Dialogue on Shared Stewardship

October 26th, 2018 at 10:30AM

Jim Hubbard, Under Secretary of Agriculture for Natural Resources and Environment.

I had the chance recently to discuss our shared stewardship initiative with the National Leadership Council. I also took the opportunity to meet with the Regional Foresters here in Washington, DC. Secretary Sonny Perdue takes a keen interest in our work at the USDA Forest Service, and he sat in on the meeting. I thought I’d share some of the dialogue we had in both meetings.

Secretary Perdue expressed his respect for the work we do, and we talked about the importance of leadership in getting our work done. The Secretary noted that the Regional Foresters and our other leaders set the standard and tone. He is looking to us to function as one team at USDA and with our partners and neighbors across the landscapes we all share. He sees himself as a part of that team.

The resources we manage are integral parts of the communities we serve, communities who make these landscapes their home and often have few other sources of jobs and income. The Secretary sees opportunities to better integrate the Forest Service into these communities by establishing stronger community connections with stakeholders and partners. In particular, we need to invite all stakeholders to the table.

The assets we manage are critically important to the people we serve. When we properly manage them, all Americans are better off because of the benefits they get from well-managed lands. He talked about how sustainable land management reduces risk to communities as well as recreation, wildlife and water.

From the Secretary’s perspective, we need to keep the focus on active management to achieve the outcomes we want across landscapes, including reduced risk from wildfire to homes and communities. Active management means using every tool and authority we have.

The expectation of the Forest Service is to step up the pace of finding new ways of doing business and be focused on active management.

The Secretary’s vision is to close the gap among the various levels of government (county, state and federal) so we can all get more work done together across the landscapes we share. He fully supports engaging the states in shared stewardship for an outcome-based investment strategy. Secretary Perdue is ready and able to help with our state partners in any way we ask. For example, he’s asked for a list of governors to call. I, myself, have recently talked with the governor of Montana and with State Foresters.

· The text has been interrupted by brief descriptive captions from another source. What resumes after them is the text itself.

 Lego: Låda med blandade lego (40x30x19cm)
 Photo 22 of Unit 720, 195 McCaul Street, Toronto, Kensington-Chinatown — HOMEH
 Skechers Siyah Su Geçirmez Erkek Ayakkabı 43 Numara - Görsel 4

The key will be working with the states and other partners to set priorities and make decisions for treatments that work for all stakeholders. We will need to negotiate with our partners and come to an agreement, which might look very different from place to place.

If we choose two or three states to begin with or maybe a state or two in each region and come to some agreements, we will meet expectations.

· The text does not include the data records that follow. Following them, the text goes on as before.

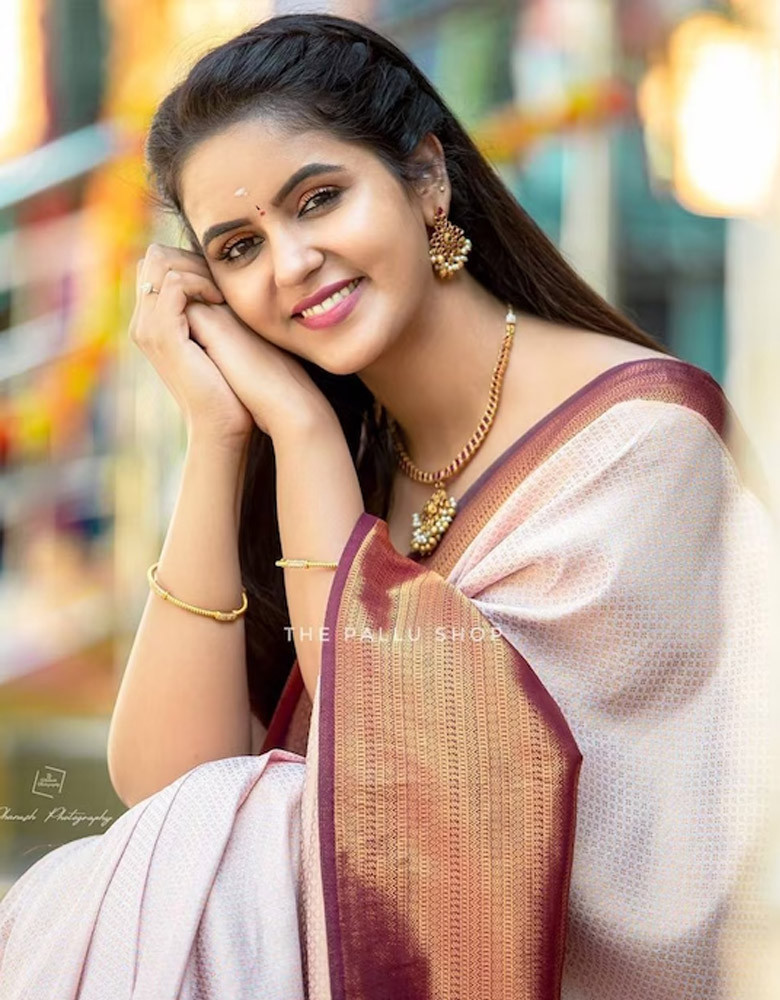 Woven Design Zari Pure Silk Kanjeevaram Saree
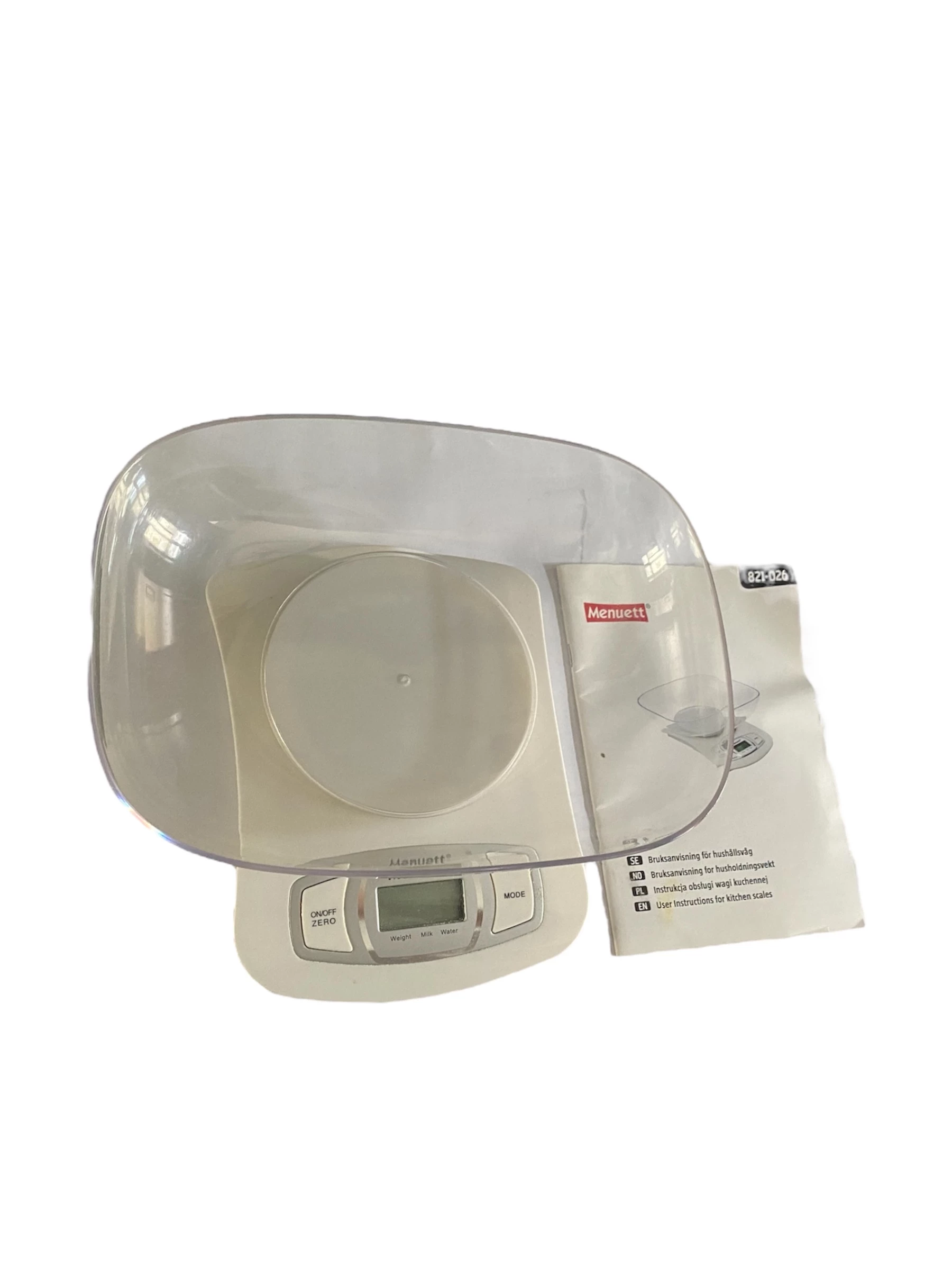 waga-kuchenna-pud-kolor-dominujacy-bialy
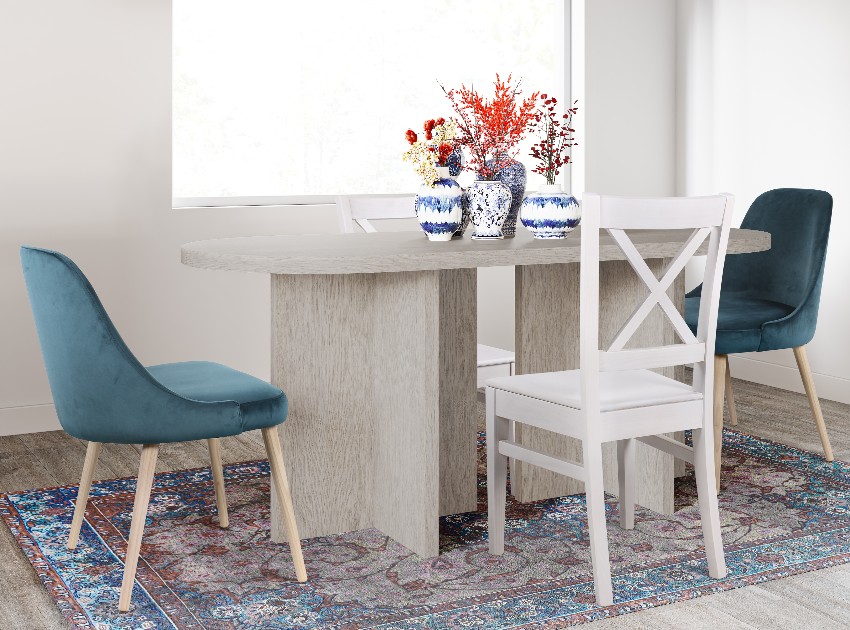 Chaises de salle à manger en bois et en tissu autour d'une table de repas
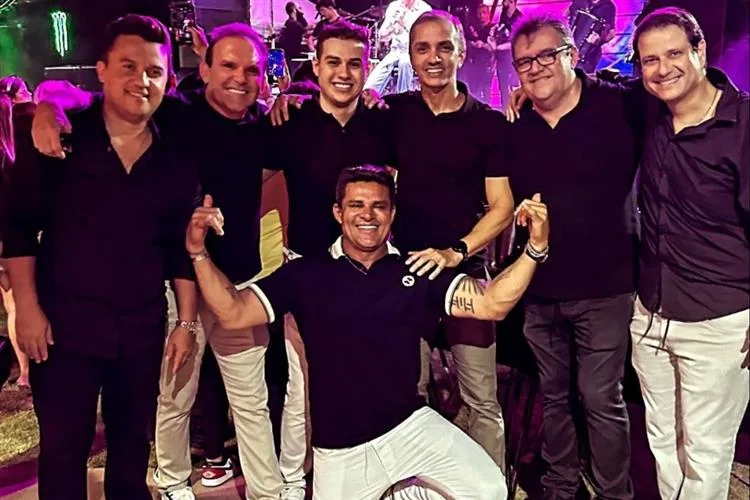 Isaías Duarte arma super festa para celebrar a nova idade e o amor dos pais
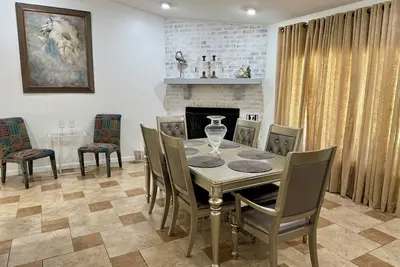 Image de Charming 2-bedroom house in Riverview with WiFi, fitness room, Ac.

Several states, including, Idaho, Montana and Washington, are interested in the initiative.

But we need a national approach, so our goal has to include states in each region.

So even while we’re still working out the shared stewardship initiative, we’re already going to need to show results. We’re going to fly this plane even while we’re tinkering with the engine. We’ve already been using scenario-based investment planning in some places to begin comparing priorities. The Secretary does not want us to take a whole year for dialogue and planning before launching because some places are ready for this.

The bottom line is this: we need to talk to states and strike a bargain on objectives at a scale that makes a difference. I’ll continue to learn to do my job, so I can support the Forest Service in this initiative. I am confident that we can succeed if we come to some agreements with our state partners and then invest together in the next several years.